So? In my religion (Mormonism) we believe that God created (and still creates) worlds without end, with all kinds of variety. Just because the Bible doesn't mention it, doesn't mean it doesn't exist or didn't happen (which should go without saying, but I guess not).
And the Bible is infallible
Pfft.. you're creating a strawman argument. Many religious folk recognize that the Bible is a compilation of prophetic writings that has been passed down thousands of years and translated many times, and is therefore not infallible. It's a miracle that it's in as good shape as it is, but it's not a perfect nor a complete record.

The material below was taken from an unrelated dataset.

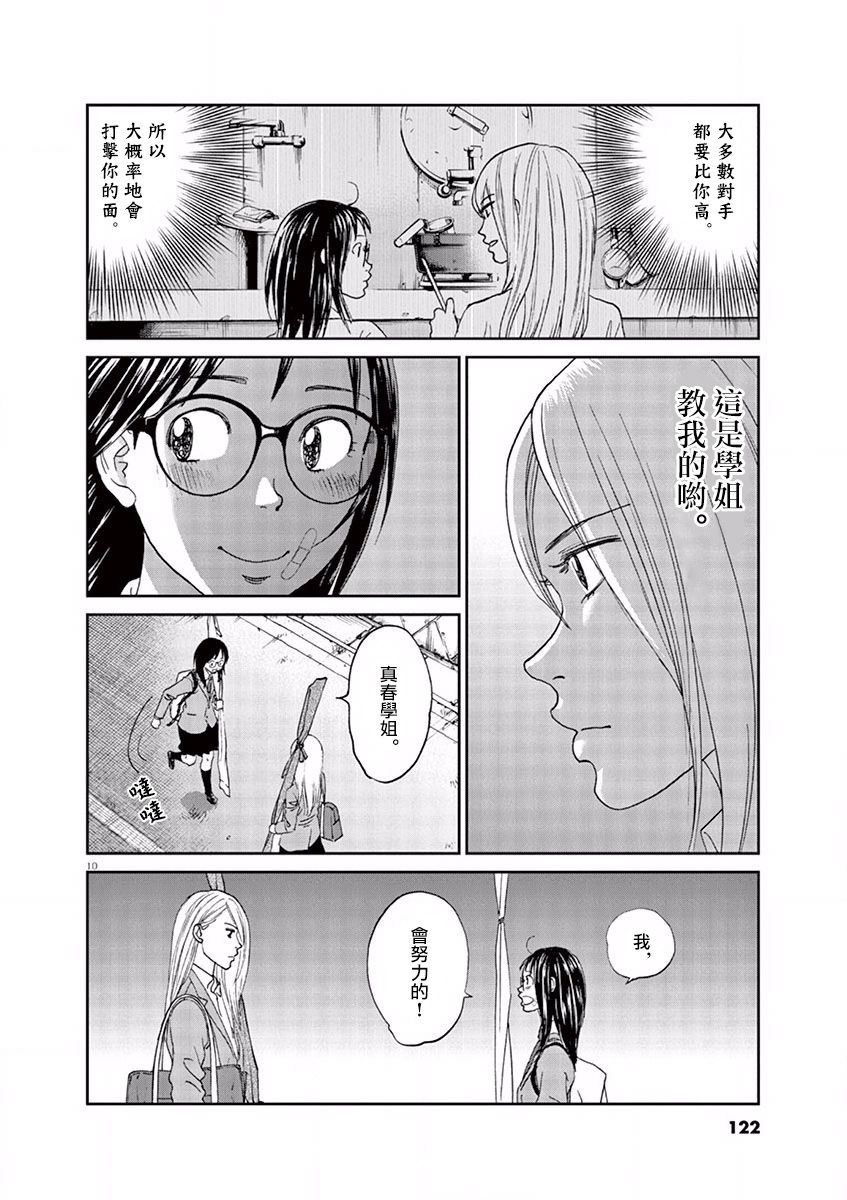 薙刀社青春日记第86话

so UFOs with an alien crew would put theologists in a bit of a bind.
Not in the least.
And in the part about Noah's Ark, it is never mentioned that Noah rounded up two aliens.
What?
2. Why would you deny evidence in front of you?
Unfortunately, religion is not about evidence, it's about faith
Not quite - faith, to have any strength, is based on some amount of evidence, because true faith leads to action of some sort (such as living a certain way). Mere belief might have no foundation, but the faith that motivates people to act has to be based on something stronger. In some cases it is based on evidence witnessed through one of the normal physical senses (e.g. somebody sees a miracle, and that helps build their faith), but the strongest evidence comes through spiritual impressions. If you've experienced this before, you know that this produces a witness that can be much stronger than a conviction gained through other senses.
. Which is why religion has caused humanity so much suffering over the milleniums.
Nah, that's like saying TV or money or politics are evil - they aren't, they're inherently neither good nor bad, but are just tools that can be used in good or bad ways. The fact that various people throughout the ages have used religion as a vehicle to do bad things doesn't mean that religion caused it. Just like TV and money and politics, a lot of good has come from religion as well. Take, for example, any recent natural disaster, and usually the first relief organizations on the scene have been religious in nature - and they haven't been there to proselyte or to ask for donations. While governments mobilize, these organizations are already there, just helping out.